Background and Aims: The birth weight of a newborn is a crucial factor that affects their overall health and future well-being. Low birth weight (LBW) is a widespread global issue, which the World Health Organization defines as weighing less than 2,500 grams. LBW can have severe negative consequences on an individual's health, including neonatal mortality and various health concerns throughout their life. To address this problem, this study has been conducted using BDHS 2017-2018 data to identify the most relevant features of LBW and the best model.
Methods: The study used data extracted from BDHS 2017-2018. The Boruta algorithm and Wrapper method were employed to identify essential features. Several machine learning classifiers were then used, including Decision Tree, SVM (Support Vector Machine), Naïve Bayes, Random Forest, XGBoost (eXtreme Gradient Boosting), and AdaBoost (Adaptive Boosting), to determine the best model for predicting LBW.
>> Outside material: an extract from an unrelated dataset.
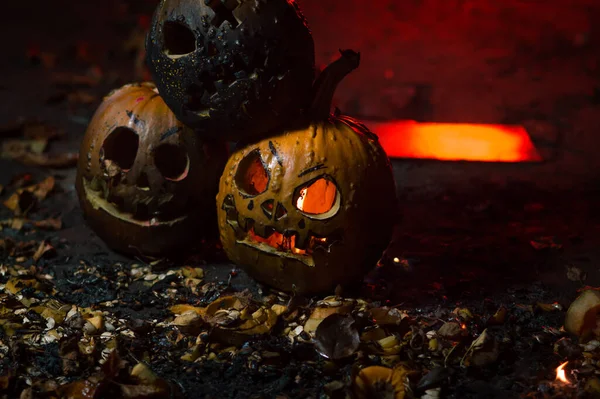 autumn holiday Halloween 2025 scary orange pumpkins burning in fire and smoke with blood red light in the dark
Results: According to the study, the Boruta algorithm identifies eleven significant features, which include the respondent's age, highest education level, educational attainment, wealth index, age at first birth, weight, height, BMI, age at first sexual intercourse, birth order number, and whether the child is a twin. The machine-learning classifiers used in the study were DT, SVM, NB, RF, XGBoost, and AB models, which had AUCs of 0.538, 0.532, 0.529, 0.549, 0.507, and 0.509, respectively. The DT and RF models, implemented using the wrapper method, identified three significant features: the region, whether the child is a twin, and delivery by cesarean section, with AUC values of 0.5550 and 0.5749, respectively. On the other hand, the SVM, NB, and AB models identified "child is twin" as a significant feature with an AUC value of 0.5120. Finally, the XGBoost model identified "age at 1st sex" and "child is twin" as significant features with an AUC value of 0.508.
Conclusions: Based on the analysis, the authors suggest that Random Forest (RF) is the most effective predictive model for Low Birth Weight (LBW). They also found that the Wrapper method is the best feature selection technique. Notable features of LBW include child is a twin, region, and delivery by caesarean section.